The integration of digital twins and mining processes into a unified IA platform enables a holistic view of business operations. For example, a Fortune 100 financial services firm used process mining to monitor investor compliance onboarding. By automating 100% of transaction analysis, the firm was able to save $2 million annually and significantly improve compliance.
In the telecommunications sector where companies manage vast physical and digital footprints around the world, process mining is invaluable for preventing problems before they arise. By analyzing billing disputes, payment processing, and other critical tasks, businesses can identify failures early and implement automation to resolve them quickly.

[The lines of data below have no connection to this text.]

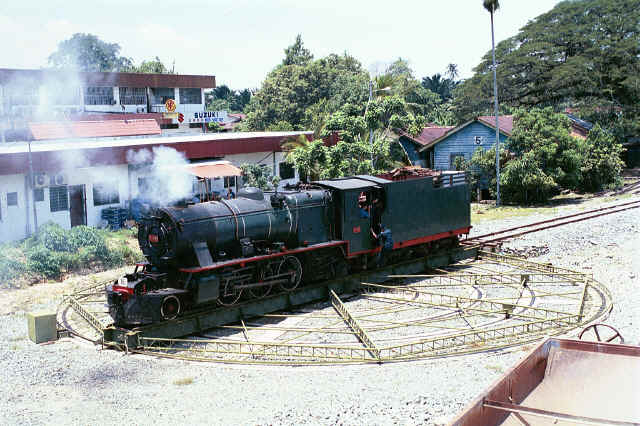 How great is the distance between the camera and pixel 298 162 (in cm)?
2544

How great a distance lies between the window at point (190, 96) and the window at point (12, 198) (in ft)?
78.5

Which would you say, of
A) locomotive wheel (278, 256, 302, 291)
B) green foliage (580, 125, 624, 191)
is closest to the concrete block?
locomotive wheel (278, 256, 302, 291)

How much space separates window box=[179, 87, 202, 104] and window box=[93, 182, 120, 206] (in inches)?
838

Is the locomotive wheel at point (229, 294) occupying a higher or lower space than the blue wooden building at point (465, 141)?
lower

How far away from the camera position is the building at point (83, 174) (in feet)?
65.3

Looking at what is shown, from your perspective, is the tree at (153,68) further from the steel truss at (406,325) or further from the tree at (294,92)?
the steel truss at (406,325)

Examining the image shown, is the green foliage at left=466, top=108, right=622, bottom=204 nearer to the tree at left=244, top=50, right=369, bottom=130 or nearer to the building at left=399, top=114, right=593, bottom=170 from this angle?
the building at left=399, top=114, right=593, bottom=170

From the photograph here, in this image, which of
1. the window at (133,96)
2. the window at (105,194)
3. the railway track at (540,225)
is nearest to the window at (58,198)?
the window at (105,194)

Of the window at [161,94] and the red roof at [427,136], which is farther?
the window at [161,94]

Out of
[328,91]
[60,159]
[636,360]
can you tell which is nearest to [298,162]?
[60,159]

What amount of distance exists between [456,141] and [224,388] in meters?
26.4

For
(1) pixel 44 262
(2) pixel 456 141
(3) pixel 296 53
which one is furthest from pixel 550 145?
(3) pixel 296 53

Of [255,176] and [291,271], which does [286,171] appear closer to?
[255,176]

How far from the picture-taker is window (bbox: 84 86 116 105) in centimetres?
3928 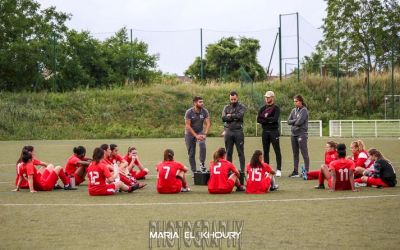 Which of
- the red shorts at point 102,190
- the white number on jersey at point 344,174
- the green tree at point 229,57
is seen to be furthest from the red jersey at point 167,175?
the green tree at point 229,57

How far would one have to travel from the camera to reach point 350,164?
42.8 ft

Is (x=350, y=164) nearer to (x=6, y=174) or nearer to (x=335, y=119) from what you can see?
(x=6, y=174)

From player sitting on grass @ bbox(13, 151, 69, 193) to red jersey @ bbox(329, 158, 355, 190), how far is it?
5.59 metres

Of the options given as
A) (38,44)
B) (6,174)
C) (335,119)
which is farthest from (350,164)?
(38,44)

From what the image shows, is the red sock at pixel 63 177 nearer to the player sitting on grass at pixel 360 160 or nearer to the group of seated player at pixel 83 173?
the group of seated player at pixel 83 173

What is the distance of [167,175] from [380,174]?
4220mm

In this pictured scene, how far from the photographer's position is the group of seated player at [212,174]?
13.1 metres

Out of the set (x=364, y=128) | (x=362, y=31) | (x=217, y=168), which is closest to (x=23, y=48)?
(x=364, y=128)

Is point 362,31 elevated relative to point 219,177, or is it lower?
elevated

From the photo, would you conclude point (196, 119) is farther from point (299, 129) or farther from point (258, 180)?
point (258, 180)

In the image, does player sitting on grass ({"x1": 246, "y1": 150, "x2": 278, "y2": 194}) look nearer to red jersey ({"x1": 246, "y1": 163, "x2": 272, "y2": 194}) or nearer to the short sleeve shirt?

The future of digital twins in IA is promising. As ML and AI technologies advance, digital twins will become even more sophisticated, able to predict future outcomes and improve processes autonomously. This will further increase the agility and flexibility of organizations, enabling them to adapt to changing market conditions and customer demands with greater speed and accuracy.
What’s Next for Intelligent Automation?
The development of new and intuitive tools is making automation more accessible, allowing individuals to participate in automation projects without extensive technical knowledge. This democratization of automation will lead to its widespread adoption across industries and enable organizations to fully exploit its potential.
At the same time, IA is gaining traction in academia, with universities and colleges integrating automation, BPM, and AI into their programs to equip future professionals for the challenges of a digitally driven world. can go
The future of IA is promising. It is no longer just a means of improving operational efficiency. It is now a strategic asset that can drive business transformation and provide competitive advantage. By embracing the principles of IA, organizations can successfully navigate the complexities of the digital age and position themselves for long-term success.
Today’s IA adopters will be tomorrow’s leaders.